# [TASK OBJECTIVE]
Lines from the one containing "A photograph of" through the final line of the records below are needed, copied exactly, with no pictures.

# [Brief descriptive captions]
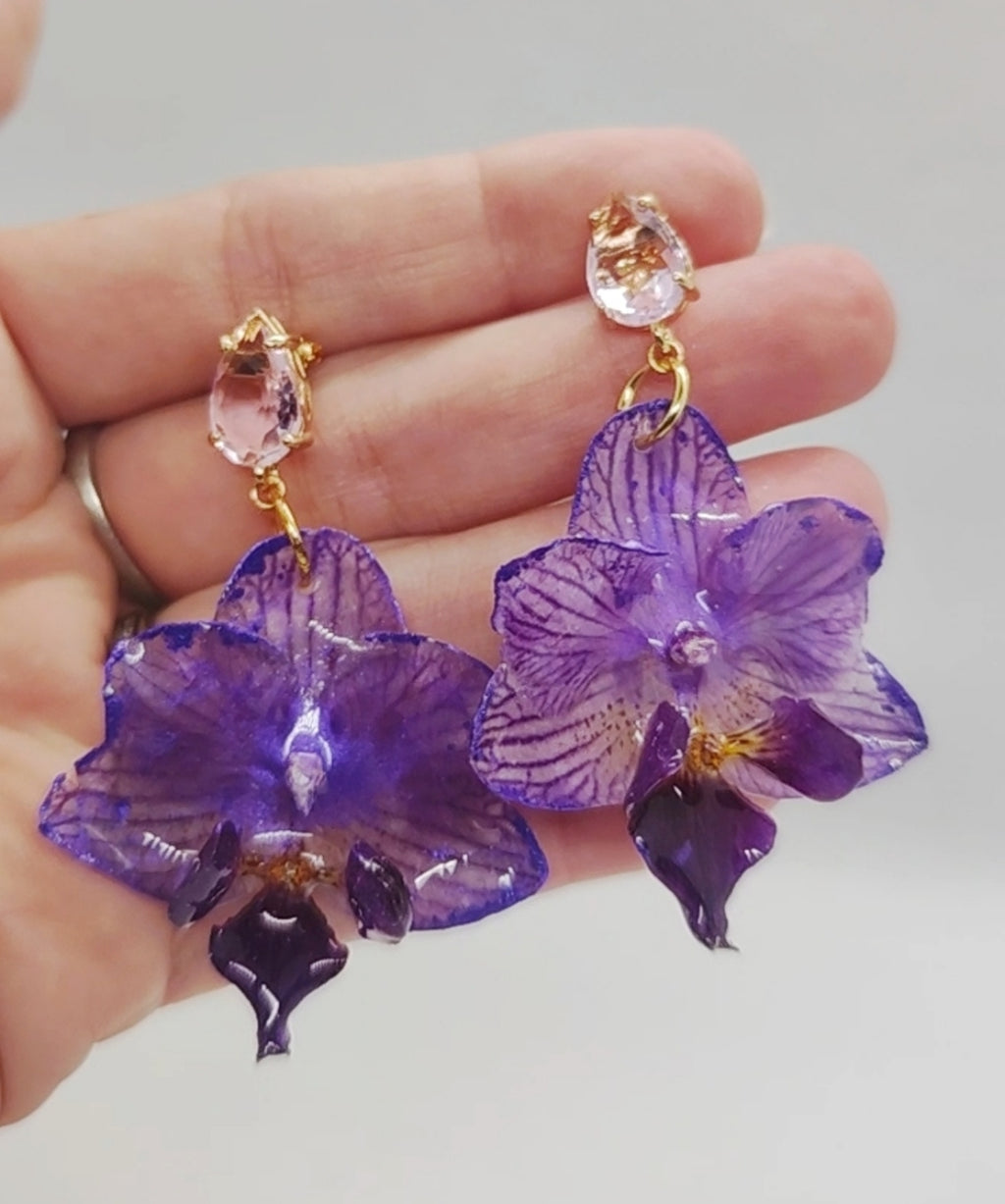 Pendientes de orquídea auténtica, joyería de resina hecha a mano, pendientes florales colgantes para mujer, regalo botánico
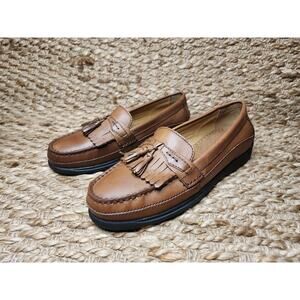 Jarman Men's Tassel Moccasin Brown Dress Shoes Loafers Leather Size 7.5 New!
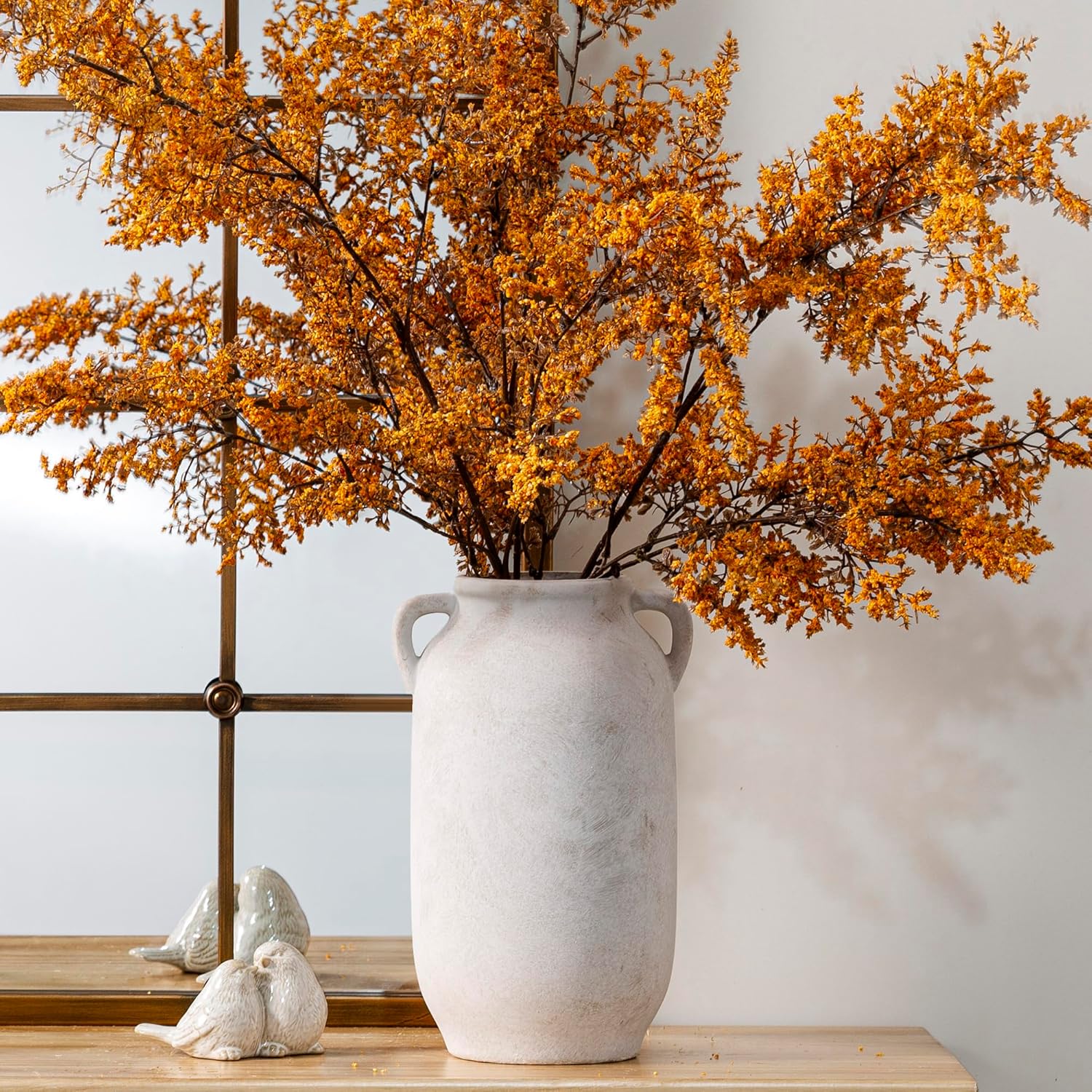 Tall Ceramic Farmhouse Rustic Table Vases / 12" Rustic / White / 12 Inch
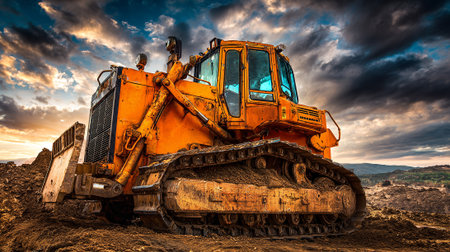 Powerful yellow bulldozer under a dramatic sky landscape construction equipmentの素材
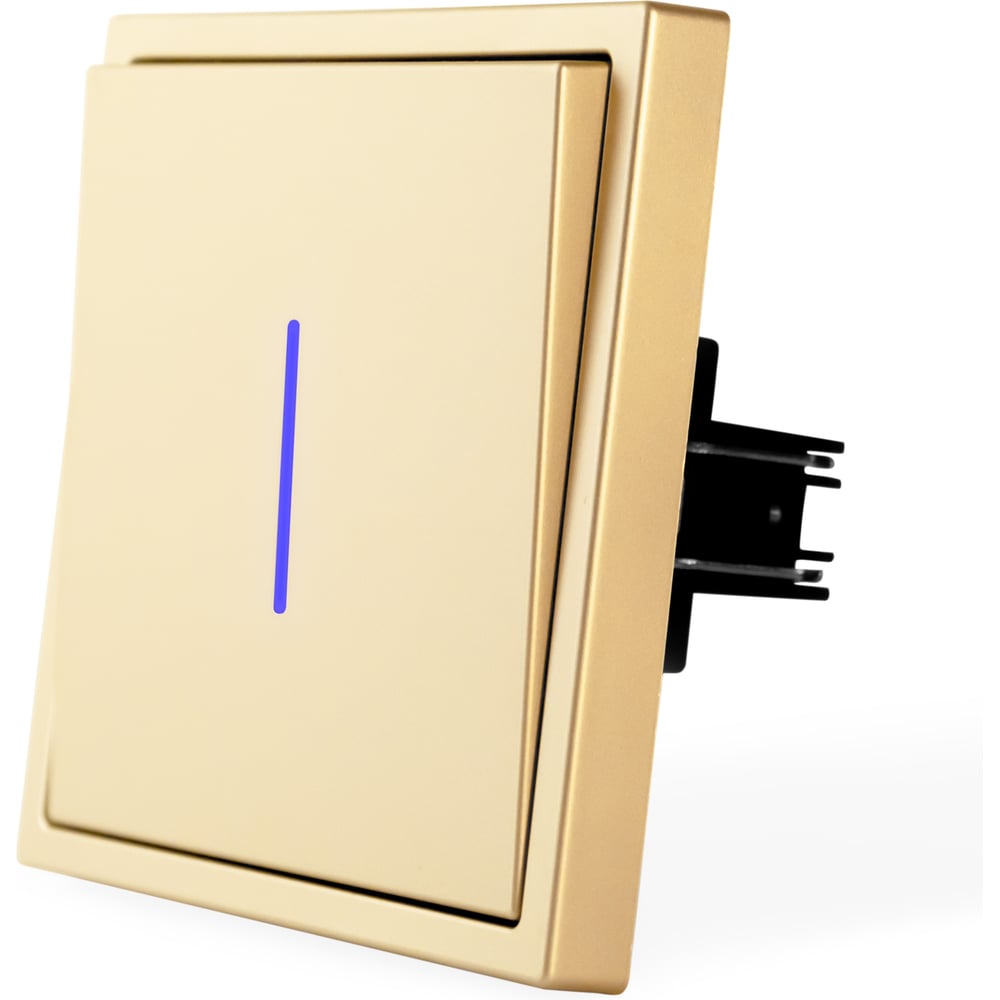 Изображение товара Выключатель Vell с подсветкой золотой одноклавишный 1 пост IP20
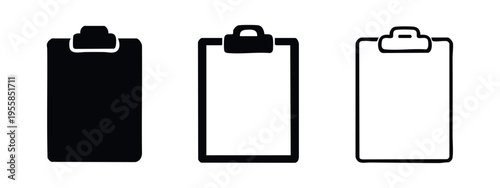 Clipboard icon set. Document, notes, or task holder in glyph and line styles.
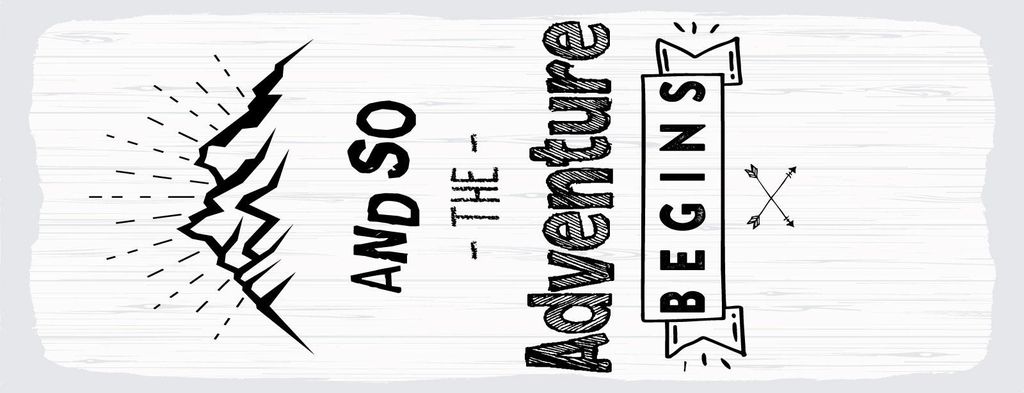 vianmo Blechschild 27x10 cm And so the adventure begins Berge
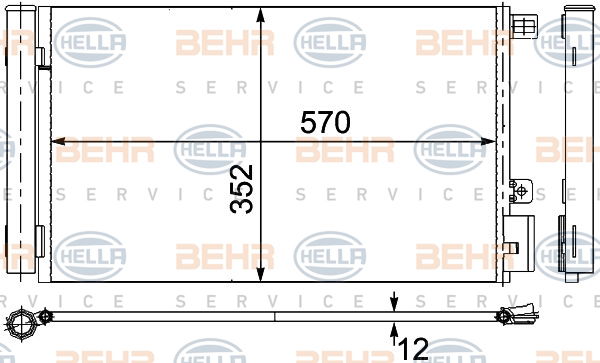 Condenseur, climatisation BEHR HELLA SERVICE *** PREMIUM LINE ***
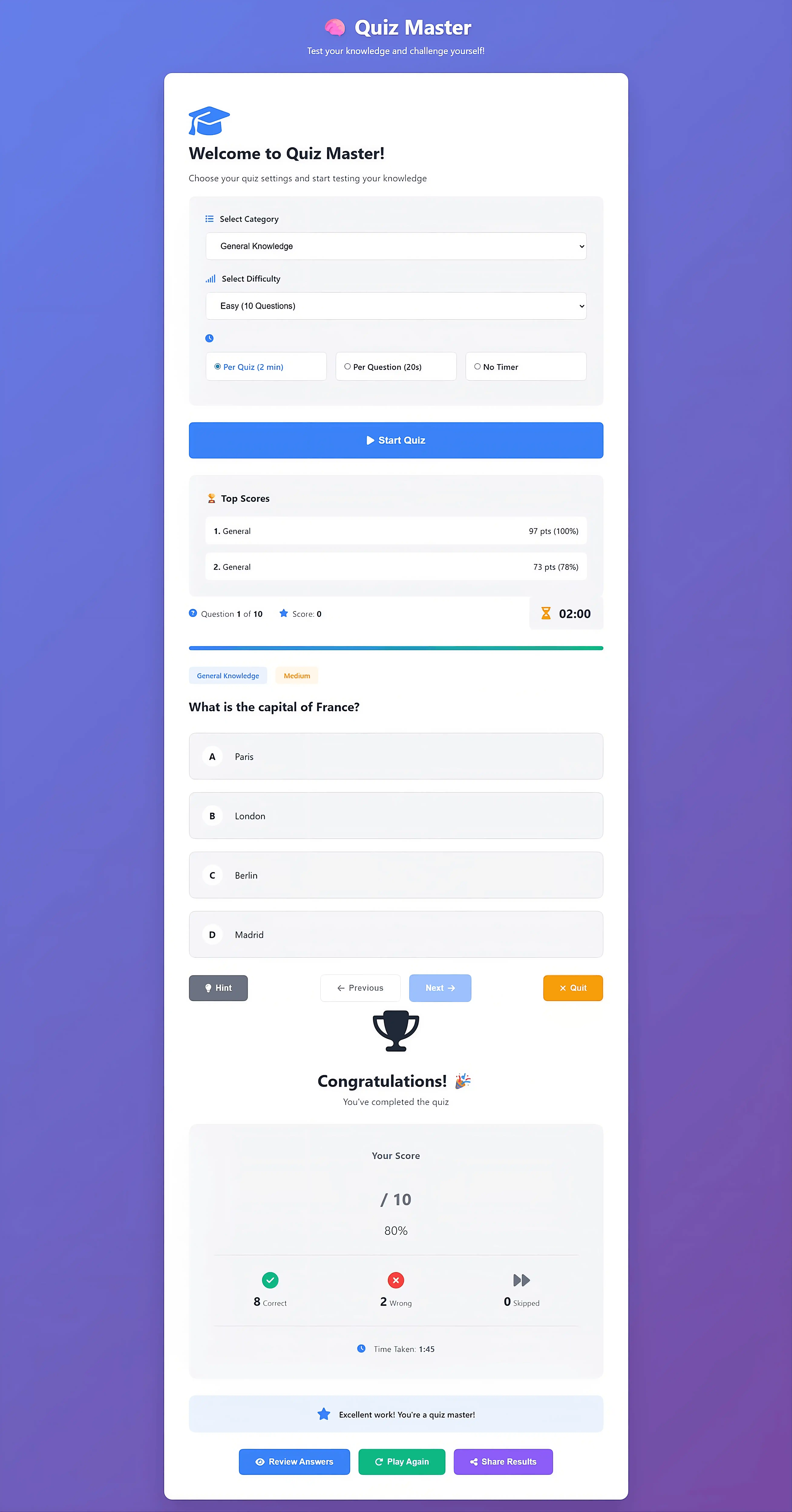 Quiz App with Timer & High Scores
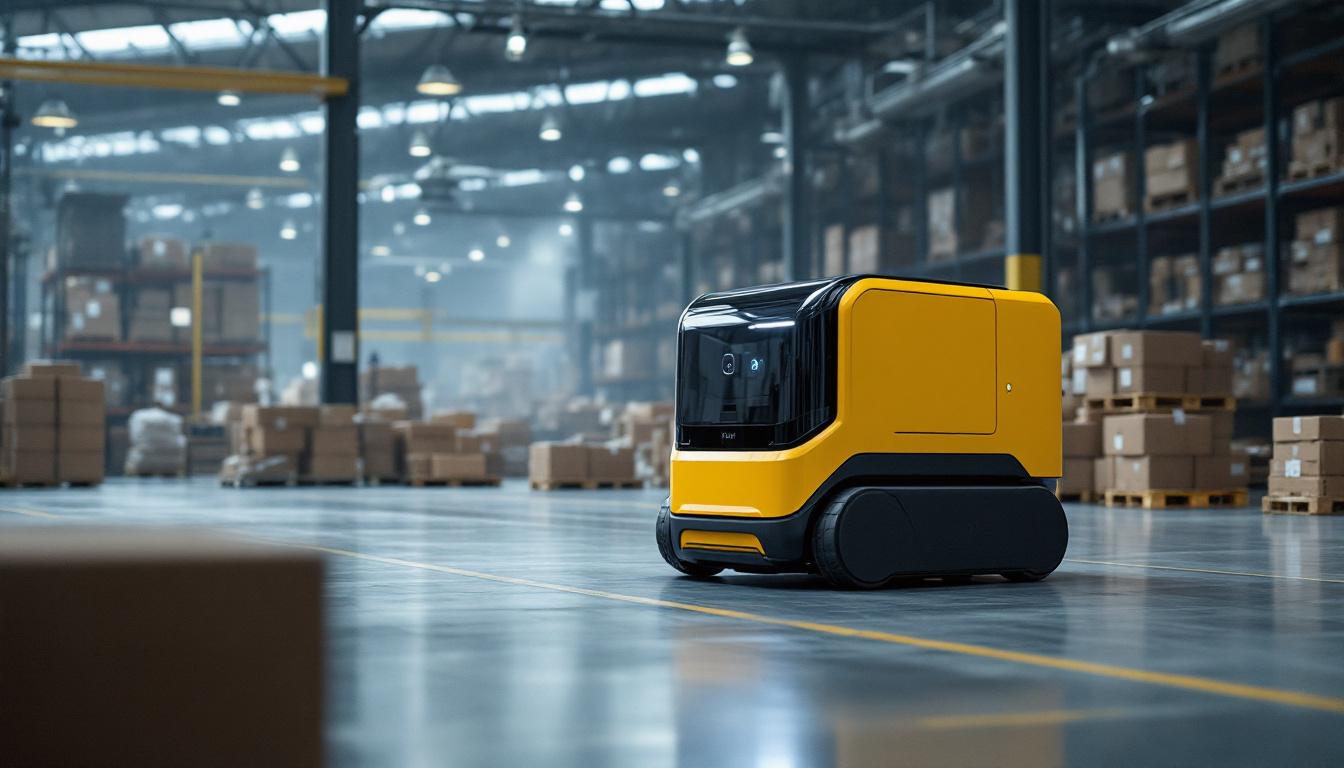 A photograph of a tugger robotic vehicle in action within an industrial setting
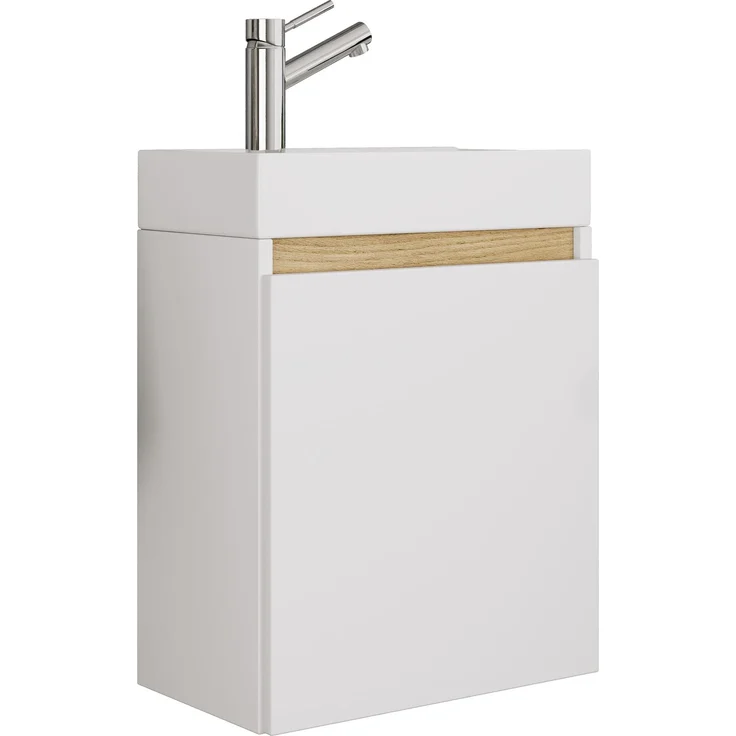 VCM Badmöbel Waschtisch Cosila 921948 Weiß / Honig-Eiche H. 55 x B. 41 x T. 22 cm – Bild 1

# [SOLUTION BELOW]
 A photograph of a tugger robotic vehicle in action within an industrial setting
 VCM Badmöbel Waschtisch Cosila 921948 Weiß / Honig-Eiche H. 55 x B. 41 x T. 22 cm – Bild 1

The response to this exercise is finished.